‘The Long Arc’ A Welcome Distraction from all this Distraction

This week, more than others, has been paralyzing. I’ve felt an all-consuming draw to imprint the Kavanaugh hearings and the actions of the Senate Judiciary Committee, knowing this is a week we will think about and talk about for decades. It’s hard right now not to see dance as a distraction from this decisive moment in our country, or feel unjustified in taking the time to reflect on something other than looming questions about the nature of partisan politics and their corrosive effect on American idealism. I feel jaded and stuck, lacking confidence in a system that’s revered by the world as fair, and designed to keep corruption at bay. I’ve observed colleagues using current events to fuel their writing, perhaps less effectively than those who’ve spent their careers writing about politics. Artmakers, too, are negotiating an inherent need to respond that is natural and appropriate. But it’s hard to know when to let the world permeate your work, and when to stay in your lane, particularly when doing so gives the appearance of ignorance, or worse, ambivalence. This is in part what has kept me from promptly and adequately reflecting on The Long Arc, a split bill presented as part of Links Hall’s epic 40th anniversary season whose Sept. 23 edition featured developing works by Maya Odim and Anjal Chande. And it’s Chande’s solo, “This is How I Feel Today,” which beautifully navigates this gray space between the personal and the political, between the broad view and a narrow lens that we are arguably all negotiating this week, if not in general. 

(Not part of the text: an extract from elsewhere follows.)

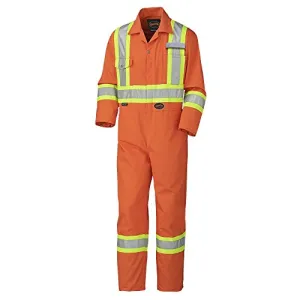 Pioneer Easy Boot Access & Action Back CSA High Visibility Work Coverall, Industrial Wash, Tall Fit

Chande, who is taking a brief respite from a Fulbright fellowship year in Berlin to spend a week at home in Chicago, uses voiceovers, live spoken word, music and dance – her gorgeous use of contemporary bharatanatyam, to be specific – to muddle through her present-day musings about identity, race, politics, and a personal connection to family, specifically a special relationship she had with her grandpa. This she relates to her identity as a classically trained bharatanatyam dancer, and the hierarchy of privilege surrounding the form, as accompanies the pursuit of many codified dance techniques. 


Behind her on the back wall of Links’ white space is a morphing animation of dots, lines, and vibrant colors, created in real time by graphic designer David Ofori-Amoah. It is this aspect, they claim, that is what most deems “This is How I Feel Today” a work-in-progress, but it reads like a sporadic visual output of radio waves and white noise – like the distraction is “the thing.” During this chaotic week of important distractions, that made sense to me. 


As Chande blends dance and text, much of which is an amalgam of personal and academic essays read from strips of fabric streaming from the waist of her bright white trousers, she stops at intervals to craft an abstract maze with purple painter’s tape on the floor. A plain white mug, the only other prop she employs, is a real, tangible reminder of moments in which she sat still with her grandpa, drinking tea, reflecting on the world, as we were then. 


Odim’s work, “Reach, Bury, Catch, Move, Hold” opened the long evening, a nearly hour-long, uneventful gaze at analog processes of making. Odim employs tools and techniques long forgotten in many western settings used to produce yarn, paper, pottery and baskets. Apart from a single 8-count phrase (a drop swing, a bent over crawling of hands, a drop to the floor) repeated too many times and a brief episode of break dancing, Odim’s movements are task-based, occupational, unassuming. She crouches at each of the crafting stations scattered about the space, oscillating between them, multi-tasking her creations, wiping her hands with a cloth or adjusting her tools and supplies. The scene is made more interesting by knowing that her supplies are sourced hyper-locally. DJs Gregory Dalphond and Chris Johnson mixed music live on two turntables in the upstage space with us seated in rows facing each other; with the DJs we form three sides of a tight box where the break dancing happens. While Dalphond and Johnson pay close attention to Odim, as do we, their choices about what to spin don’t appear to be specifically influenced by what’s happening in the space. And while the two solo performances on this evening reflected a similar theme of task and memory, and demonstrate an admirable degree of restraint, Odim appears to ignore – perhaps consciously – her role in creating an experience for us. I don’t know why that would be, but maybe that’s the point. Because for at least a few hours on a Sunday, I got to think about something else for awhile.